The Last Post
 Intro   Contents    
Spike Robinson
Tenor saxophone, saxophones, clarinet

Born: January 16, 1930 in Kenosha, Wisconsin
Died: October 29, 2001 in Writtle, Essex

Jazz Saxophonist with Refined Tenor Style

Copyright © 2001 

The Scotsman

Robinson

Spike Robinson was an excellent American saxophonist who fell in love with London when he was posted there as part of a US Navy band in 1948, and ultimately settled in the city for good in 1989, having been a regular visitor over the years. His love for England extended to an enthusiasm for that most un-American of games, cricket.

Robinson's elegant, light-hued, deftly swinging tenor playing drew on a lineage that ran from Lester Young through Zoot Sims to Stan Getz, although Charlie Parker was a crucial formative influence on his style when he was still a teenager. At that time, Robinson played alto saxophone, but later chose to switch to the bigger horn, possibly realising that emulating Parker on his own horn was, as he acknowledged, an impossibility.

He was born Henry Berthold Robinson, and showed an early interest in music, playing the once fashionable C-melody saxophone in the first instance, then clarinet. His father encouraged his interest, but was a stern taskmaster. Robinson recalled being rapped on the knuckles with a fly-swatter if he played wrong notes in his reading exercises.
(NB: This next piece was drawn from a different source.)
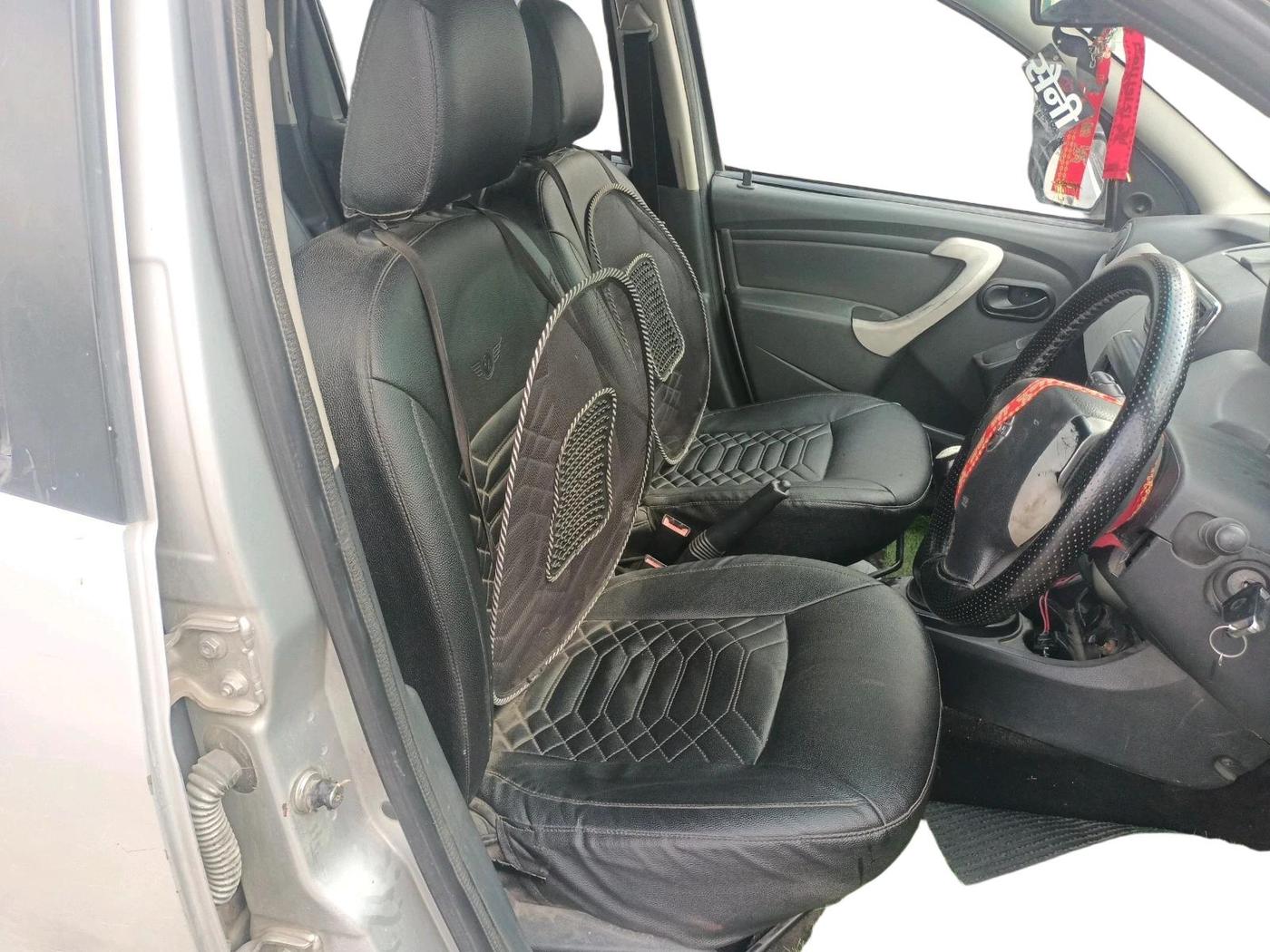 2014 Nissan Terrano XE (D), Diesel, Manual, 1,43,463 km, interior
He aspired to a classical career as a young teenager, but gradually shifted his focus to jazz, and was playing professionally while still too young to join the union, having lied about his age in order to do so. He claimed to have gone to the lengths of drawing on a fake moustache in order to get into some of the jobs he was hired to play.
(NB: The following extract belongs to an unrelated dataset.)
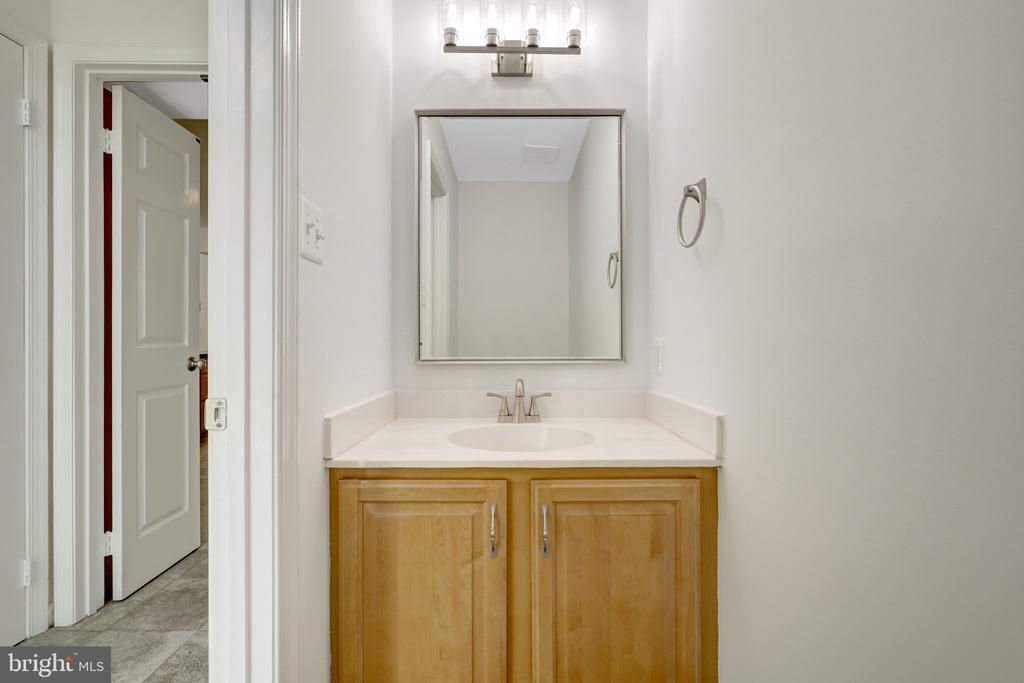 43501 GOLDEN MEADOW CIRCLE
He moved to Chicago in 1947, but found opportunities singularly lacking, and joined the Navy. He was posted to London as part of band attached to the US Embassy in Grosvenor Square, and quickly became active in the nascent bebop scene in the city, playing at venues like Club Eleven and the Feldman Club, and working with young musicians like pianist Victor Feldman and drummer Tony Crombie.

He returned to the USA in 1952, and moved with his first wife to Colorado to study engineering. He bought a second-hand Martin tenor saxophone in 1953, which he used as his main instrument until it was stolen from his car in London in 1998. He developed a refined tenor style close to that of Stan Getz, but with a sinewy elegance which was all his own.

He completed a master's degree and worked full-time in engineering until 1964, when he took on the lease of a restaurant, with the intention of playing there. The business failed, however, and he returned to engineering until his retirement in 1985.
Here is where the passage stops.